**DESCRIPTION OF THE TASK**. Every line of the data below is to be given again as it appears, with the images removed.

**PROVIDED MATERIAL**.
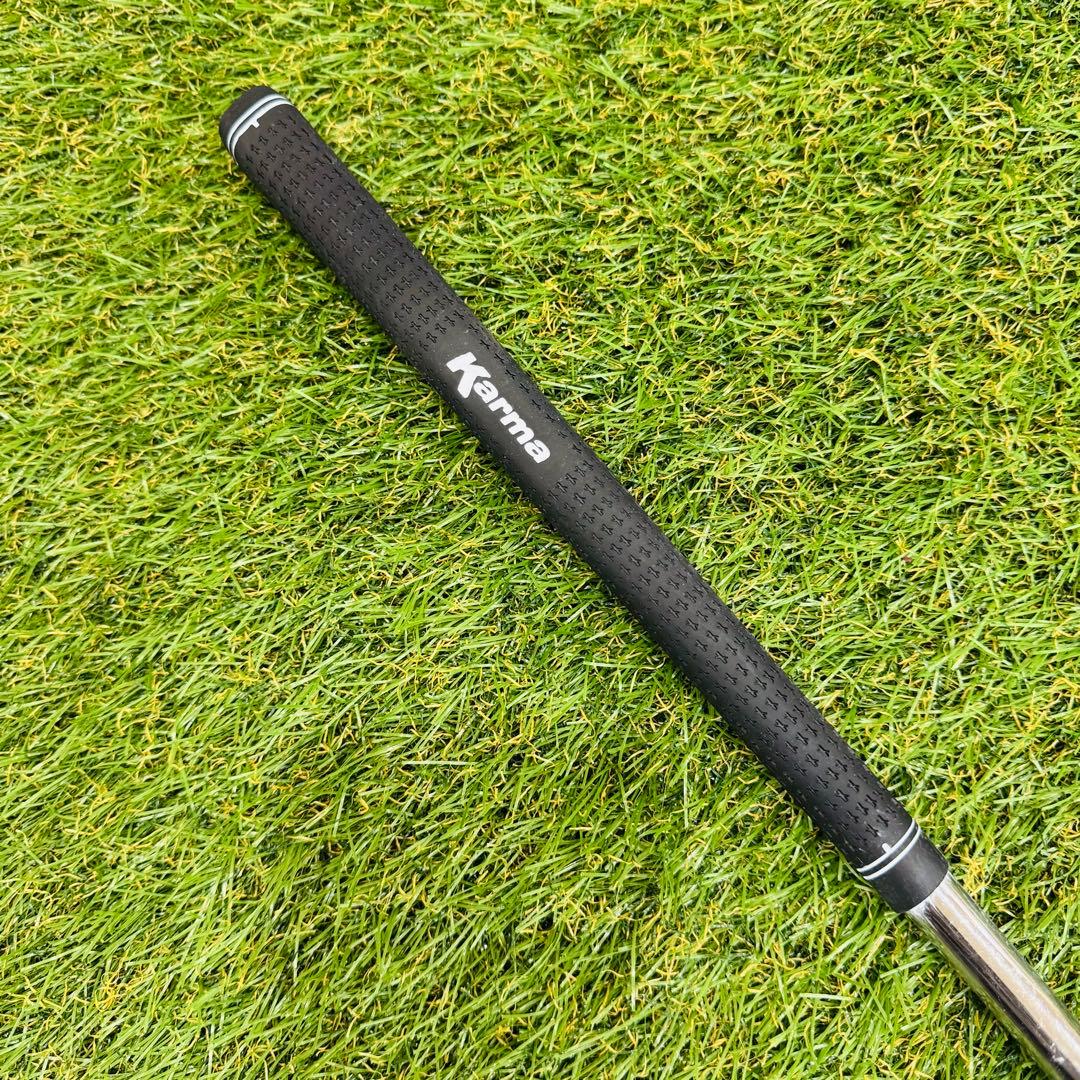 【グリップ新品】TaylorMade ロッサ モンザ コルザ パター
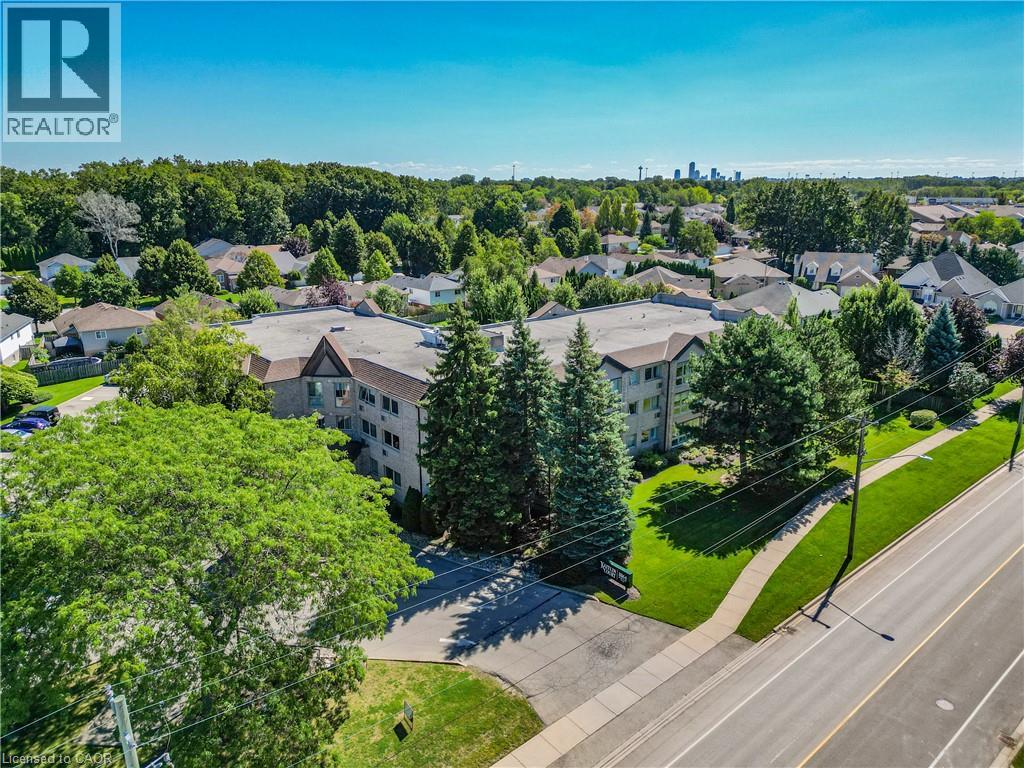 Single Family at 3364 MONTROSE Road Unit# 108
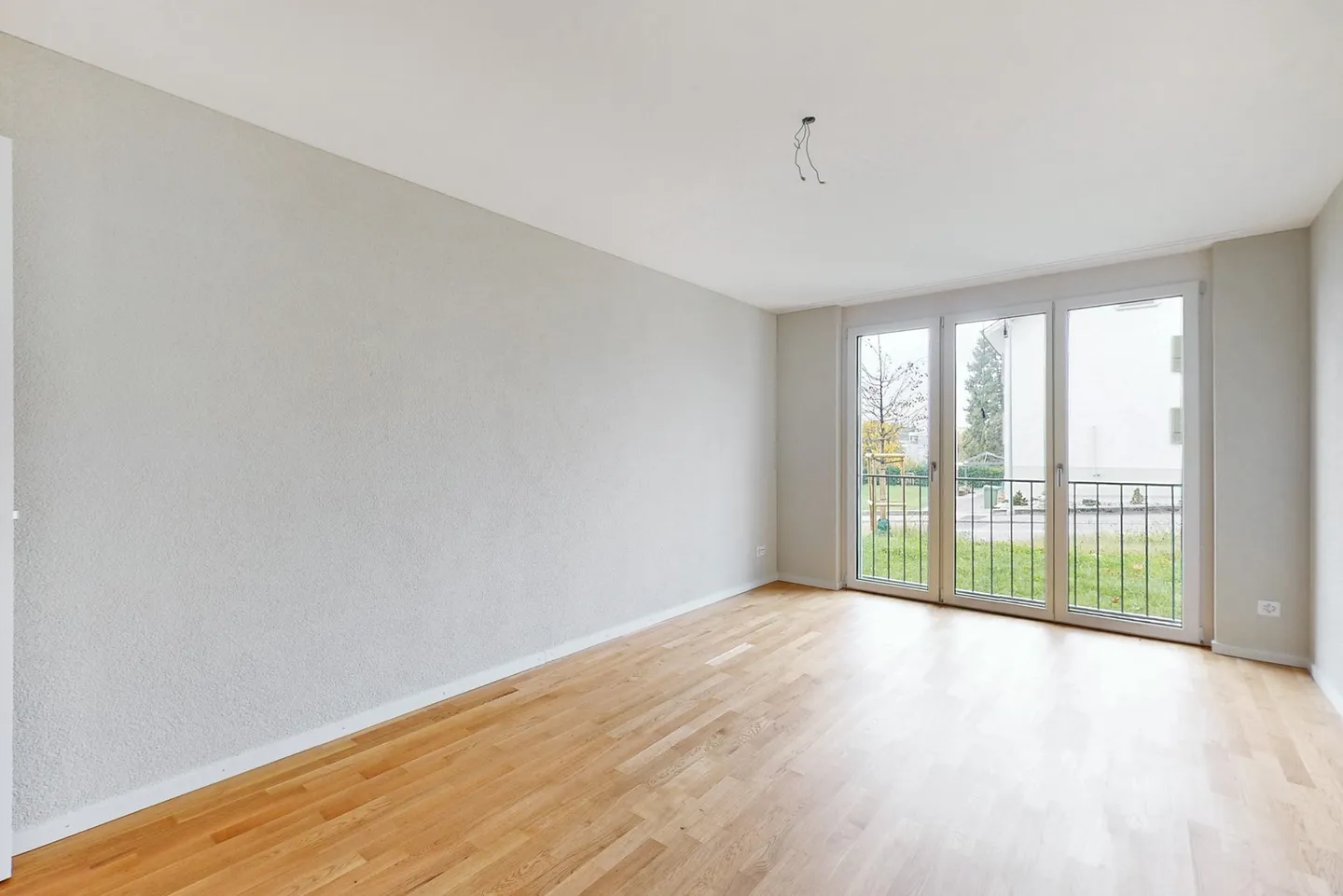 Appartamento in affitto - Foto 5 di 9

**REPLY**.
 【グリップ新品】TaylorMade ロッサ モンザ コルザ パター
 Single Family at 3364 MONTROSE Road Unit# 108
 Appartamento in affitto - Foto 5 di 9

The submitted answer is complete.